Nel 1950-51, dopo la morte del suo ex maestro Mario Pelosini, insegnò dizione poetica all’Accademia d’arte drammatica. Tra il 1950 e il 1952 fu capocomico e primo attore della compagnia del teatro Nazionale diretta da Salvini, con Squarzina vicedirettore. Fece allora con la collaborazione di quest’ultimo la sua prima regia teatrale ufficiale, dirigendo se stesso e un gran numero di attori nel Peer Gynt di Henryk Ibsen (di cui curò la riduzione). Nel 1951, riprendendo anche Romeo e Giulietta, recitò in testi del repertorio contemporaneo come Anna per mille giorni di Maxwell Anderson o Detective Story di Sidney Kingsley diretto da Squarzina, e fu regista della prima rappresentazione de Il giocatore di Ugo Betti. Nell’estate del 1951 guidò con Squarzina una tournée in America del Sud, dopo aver presentato in anteprima a Roma e Milano un Oreste da lui diretto e intepretato: fu il maggior successo di un giro artistico che comprendeva classici di più sicuro esito come La vedova scaltra di Carlo Goldoni e Sei personaggi in cerca di autore di Pirandello.

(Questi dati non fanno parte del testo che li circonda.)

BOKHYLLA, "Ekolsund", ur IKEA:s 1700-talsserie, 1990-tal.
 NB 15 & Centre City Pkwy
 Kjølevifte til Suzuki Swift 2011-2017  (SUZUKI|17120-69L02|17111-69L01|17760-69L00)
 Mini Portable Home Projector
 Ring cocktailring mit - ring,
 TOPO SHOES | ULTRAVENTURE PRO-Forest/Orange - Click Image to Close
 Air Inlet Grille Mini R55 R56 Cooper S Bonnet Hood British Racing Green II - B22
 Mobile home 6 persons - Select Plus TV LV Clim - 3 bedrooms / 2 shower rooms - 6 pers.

Nel gennaio del 1952 tenne un recital al Piccolo Teatro Eleonora Duse (Gambetti, 1999, p. 35). Il 28 aprile sposò a Juárez nel nord del Messico l’attrice Shelley Winters, con una cerimonia che avrebbe avuto valore legale negli Stati Uniti ma non in Italia (Gassman, 1981, p. 88): visse con lei a Hollywood (a Holloway Drive, poi a Beverly Hills), trovandosi «subito al centro di una divorante curiosità dell’ambiente, una ridda di interviste e di parties», dove potè incontrare, con qualche delusione, molti «miti della [sua] giovinezza» (ibid., pp. 87, 89). Assistette anche alle riprese di Limelight di Charlie Chaplin (ibid., pp. 95-96), ma l’esperienza fu soprattutto quella di un progressivo disincanto. Recitò in quattro film (oltre che, nel 1952, in un recital al Circle Theatre di Los Angeles, replicato a Genova): nel primo, The glass wall di Maxwell Shane, fu un immigrato italiano perseguitato dalla polizia, poi ebbe ruoli da latin-lover per la Metro Goldwin Mayer, con cui firmò un contratto settennale con clausola di poter trascorrere sei mesi all’anno in Italia per dedicarsi al teatro.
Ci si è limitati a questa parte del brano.